The silhouette of Mont Blanc is very familiar to the French-speaking Swiss. The Swiss de Saussure invented mountaineering there. The new Refuge du Goûter is also the work of two Swiss architects.

The Goûter hut designed by the architects Hervé Dessimoz and Thomas Büchi standing at 3,835 metres above sea level

In Geneva, tourists heading down Rue du Mont-Blanc towards the lake – in good weather – see the immaculate and rounded profile of a mountain rising up in front of them that towers above all others – it is of course Mont Blanc. Further on towards Lausanne on the hills overlooking Lake Geneva, the great protrusion – on which Horace-Bénédict de Saussure, a scientist from Geneva, set his heart in the 18th century – tantalises those on the ground. “There is a superb view of Mont Blanc from Bussigny where my wife lives,” remarks Jérôme Terrettaz, a mountain guide from Valais, who has climbed this peak more than 15 times, with an element of emotion and pleasure on each occasion, despite the summit’s great popularity. Standing at 4,808 metres, it attracts 20,000 climbers a year, only half of whom make it to the top.

“Once on this viewpoint, you see all the summits you have already scaled around you. It is like a history of the past. You also make plans for the future,” adds the 43-year-old mountaineer who has experienced some unexpected adventures with his clients on these slopes. On one occasion, a highly trained climber from Vaud completely lost his nerve just 200 metres from the top.
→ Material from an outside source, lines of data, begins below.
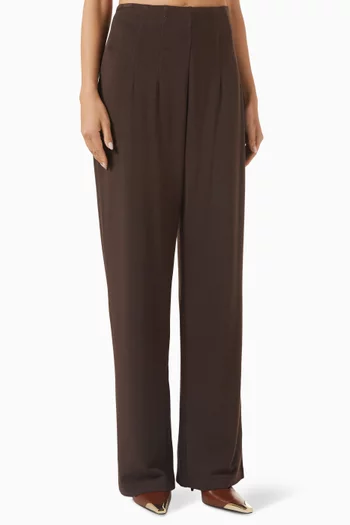 Wide-leg Pants in Cotton-jersey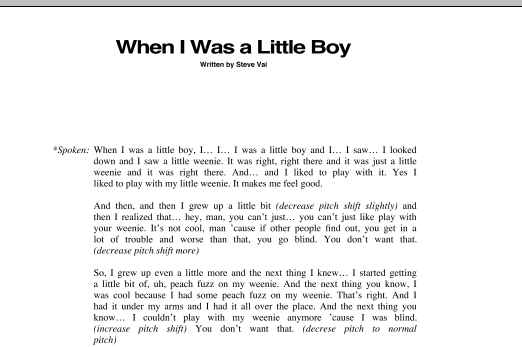 Download Steve Vai When I Was A Little Boy Sheet Music and learn how to play Guitar Tab PDF digital score in minutes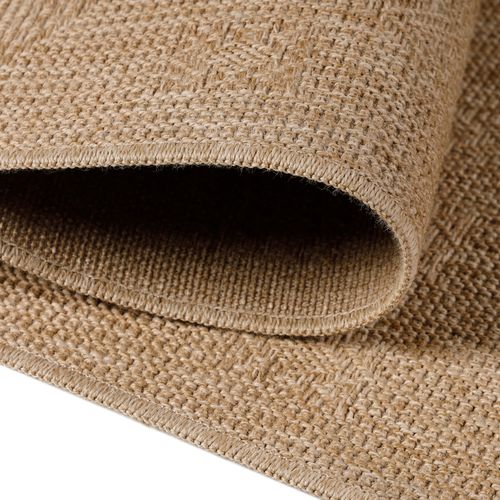 Tapis De Salon Aspect Jute Naturelle Beige 160x230cm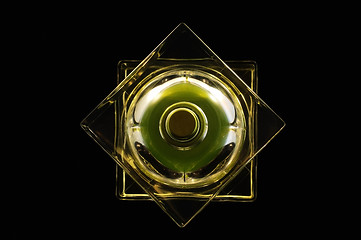 Image showing Top view of perfume bottle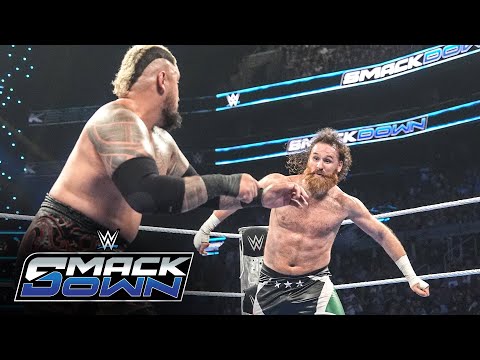 FULL MATCH: Sami Zayn, Jacob Fatu & Jimmy Uso vs. The MFTs: SmackDown, Aug. 15, 2025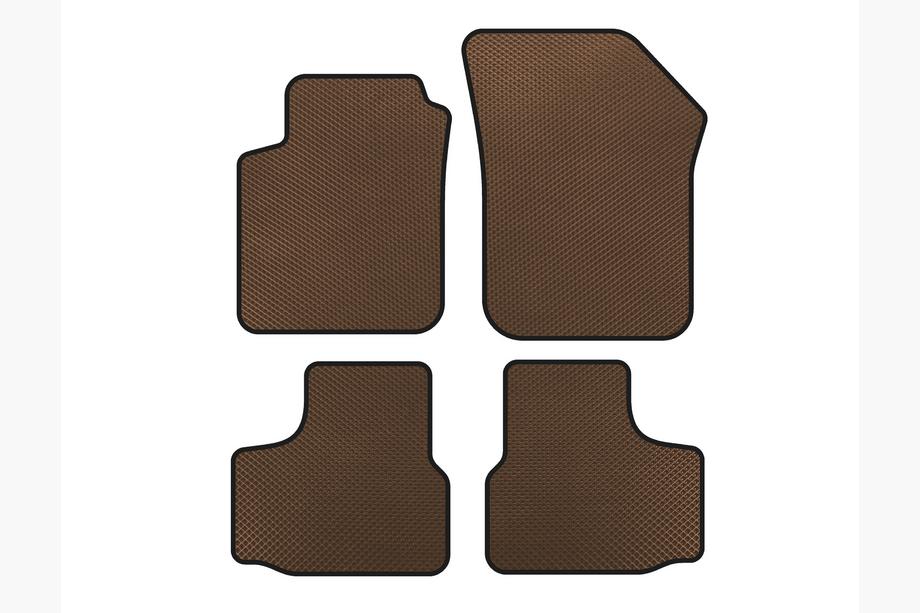 Volkswagen UP 2011-2023 EVA Floor Mats (Brown) Image
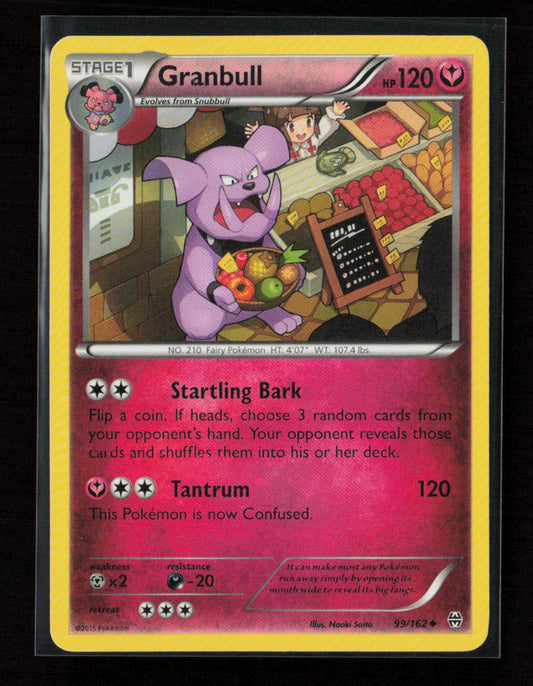 Granbull Uncommon XY - BREAKthrough 99/162 LP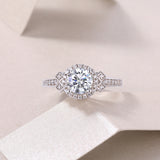 Round Cut Moissanite Ring - Ceerom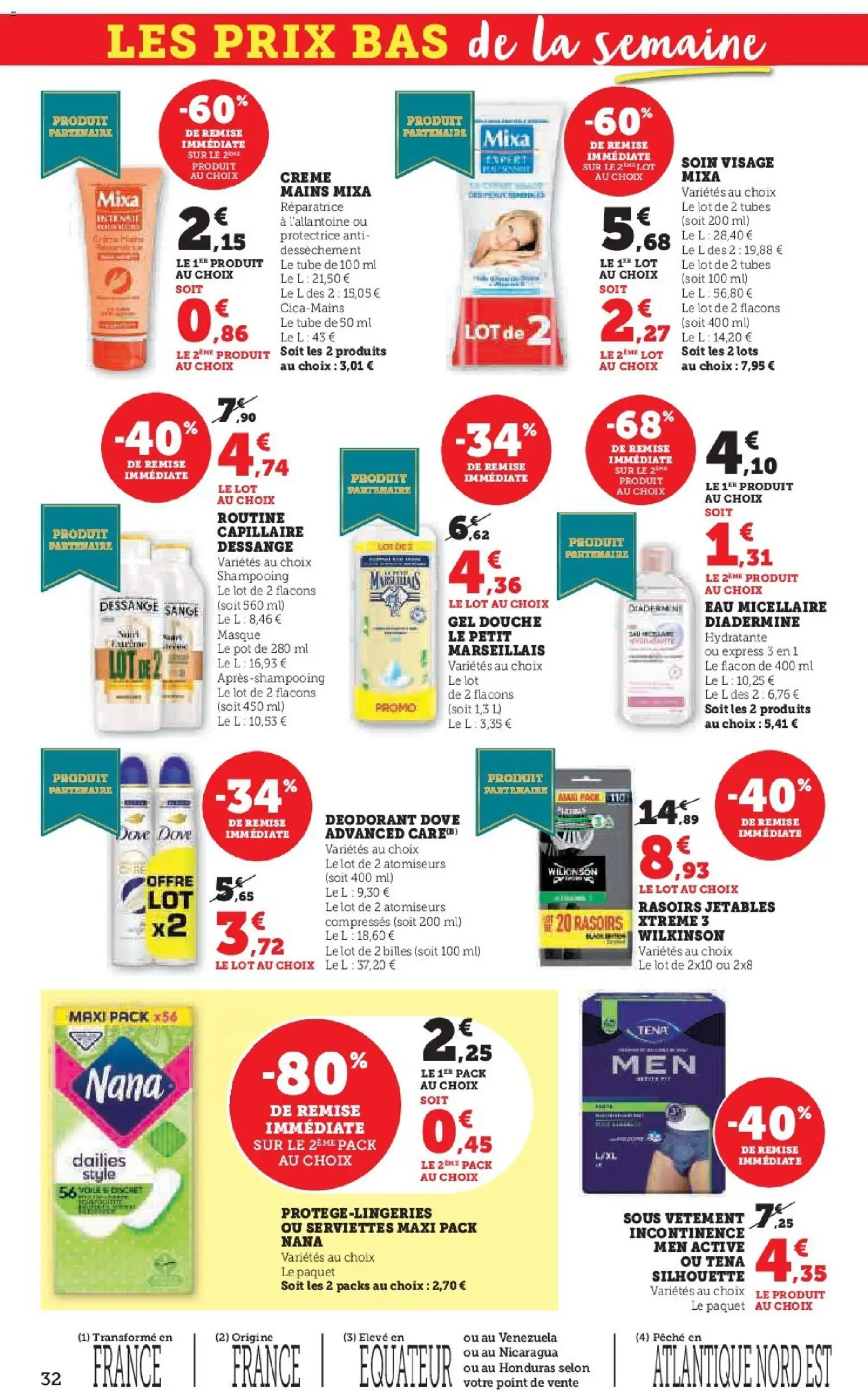 {H1} | Page: 32 | Produits: Masque, Déodorant, Douche, Crème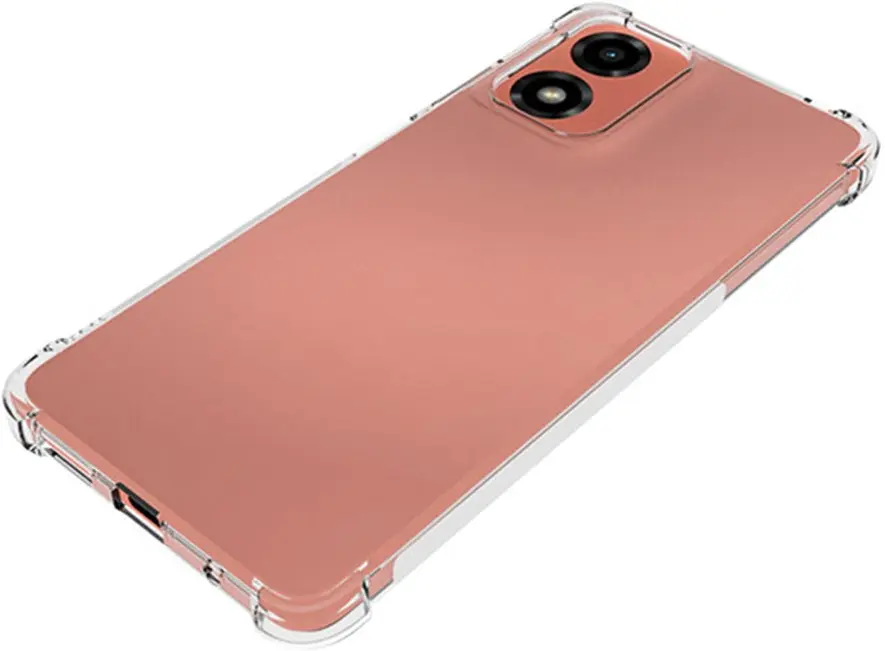 Motorola Moto E14 Hoesje Schokbestendig en Dun TPU Back Cover Transparant afbeelding 12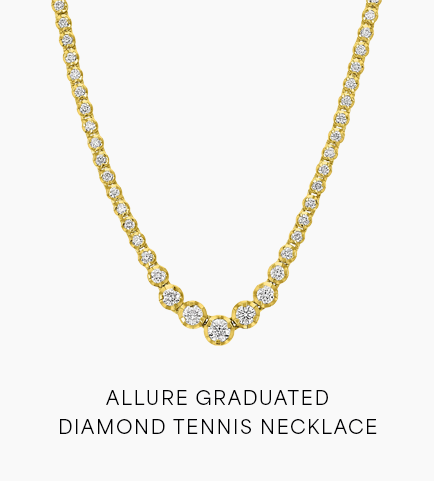 Allure Graduated Diamond Tennis Necklace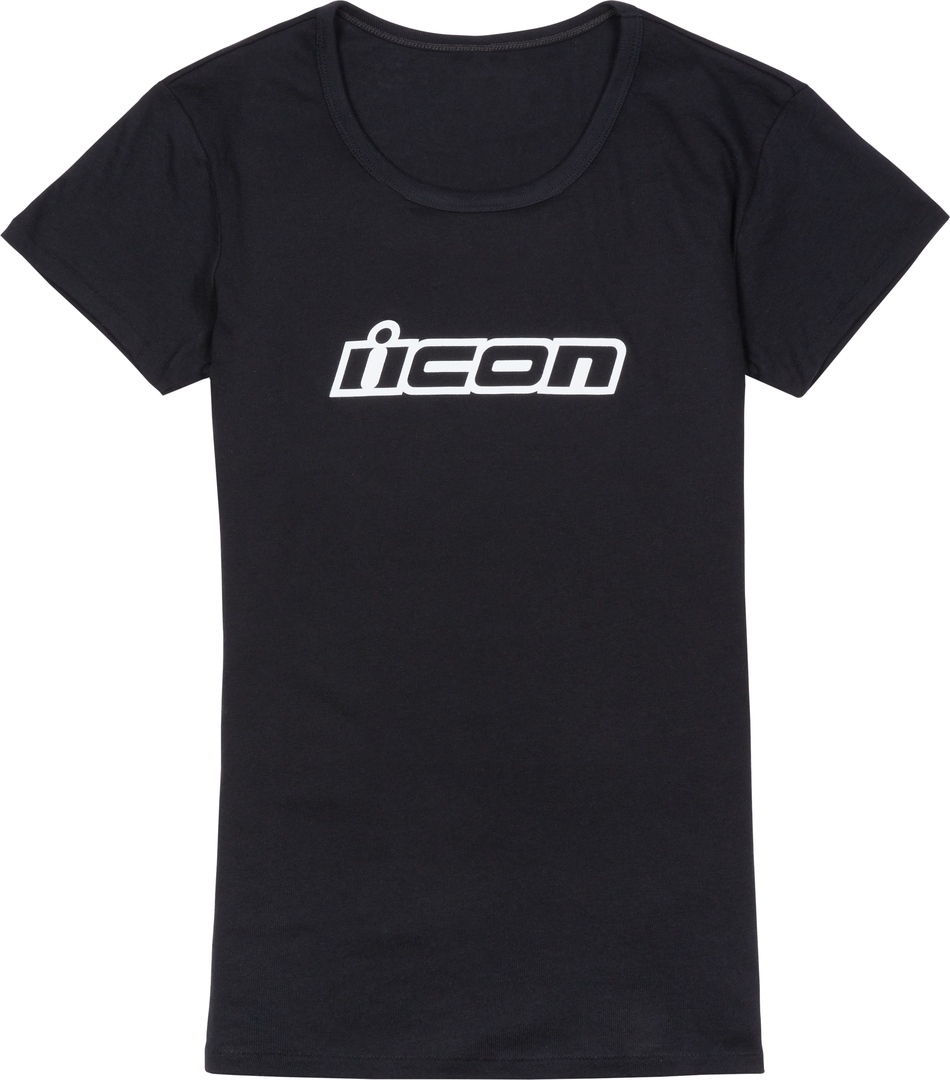 Icon Clasicon Ladies T-Shirt, black, Size L for Women, black, Size L for Women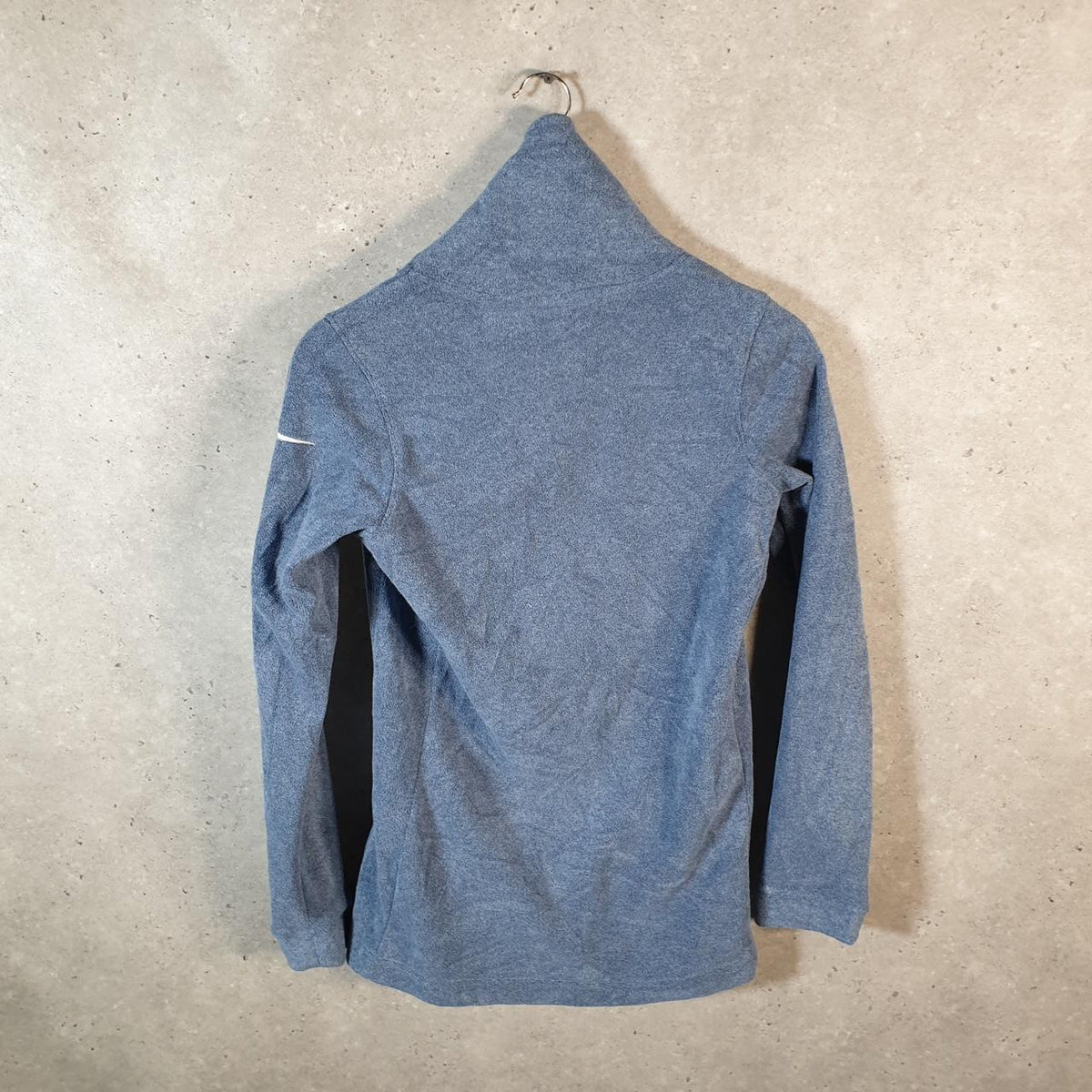 Vintage Nike Dri Fit fleece Sweatshirt Womens XS Blue Swoosh Y2K Pullover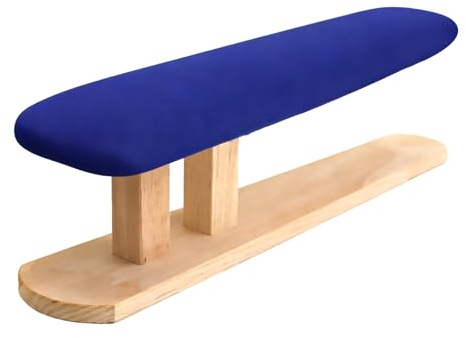 2026 Upgrade Portable Ironing Board Padded Long&Short Sleeve&Chest Tailor Ironing Board with Wooden Base for Daily Tailor Ironing,Household,Laundry Rooms,Travel Use(Blue)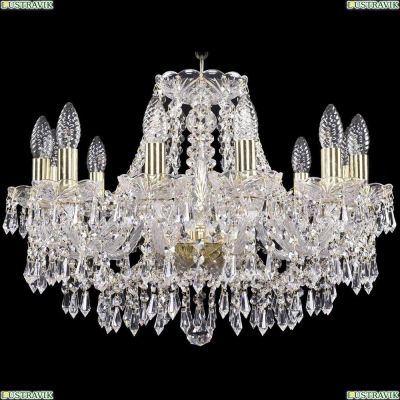 Люстра 1403/12/195/G ★Bohemia Ivele Crystal, Золото► — Купить▼
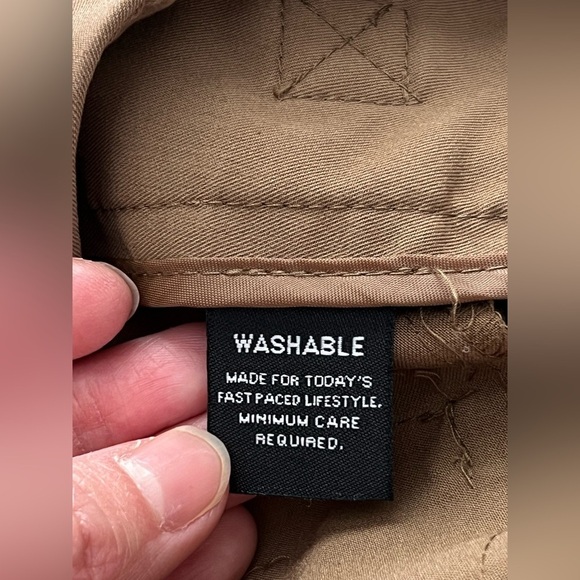 2/$25 Larry Levine Womens Cullote Pants Capri 10 Brown High Waist Flat Loose - Picture 14 of 16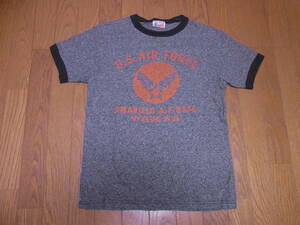 238-55/カナダ製/BuzzRickson's/バズリクソンズ/U.S.AIR FORCE/エアフォース/リンガー/トリム/Tシャツ/S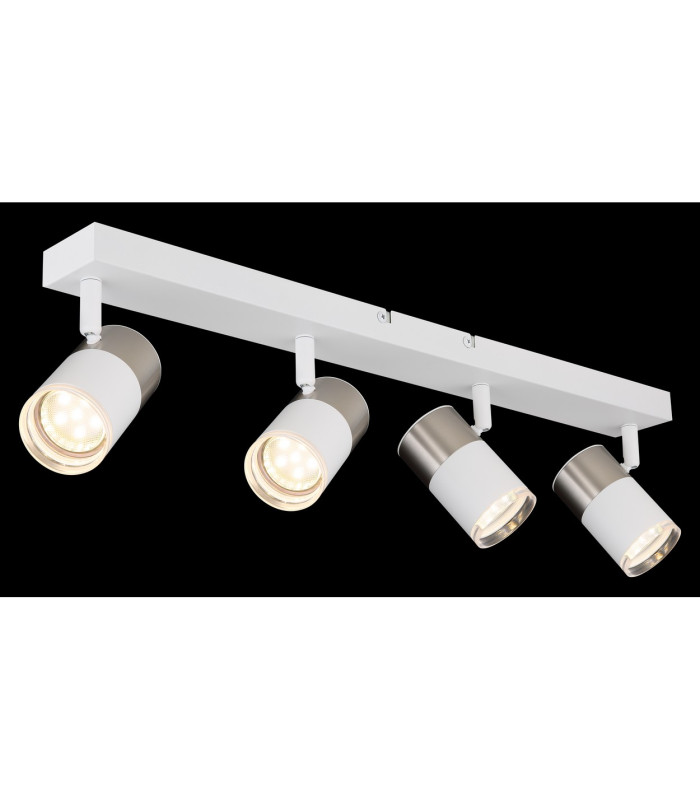 Brisbon Ceiling Spotlight Bar White Matt 4x GU10-6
On another, a customer who did not practise mountaineering, got to the peak as fresh as a daisy. It was his first 4,000-metre ascent. Stress is sometimes a factor but also altitude sickness, the cold or fatigue. “Up there, the wind and temperatures are different to those you experience on all other surrounding mountains. It’s like another layer of atmosphere,” explains Yoann Burkhalter, a mountain guide from Vaud. Between two and five people lose their lives each season on the normal route, known as the Goûter, according to the French National Ski and Mountaineering School.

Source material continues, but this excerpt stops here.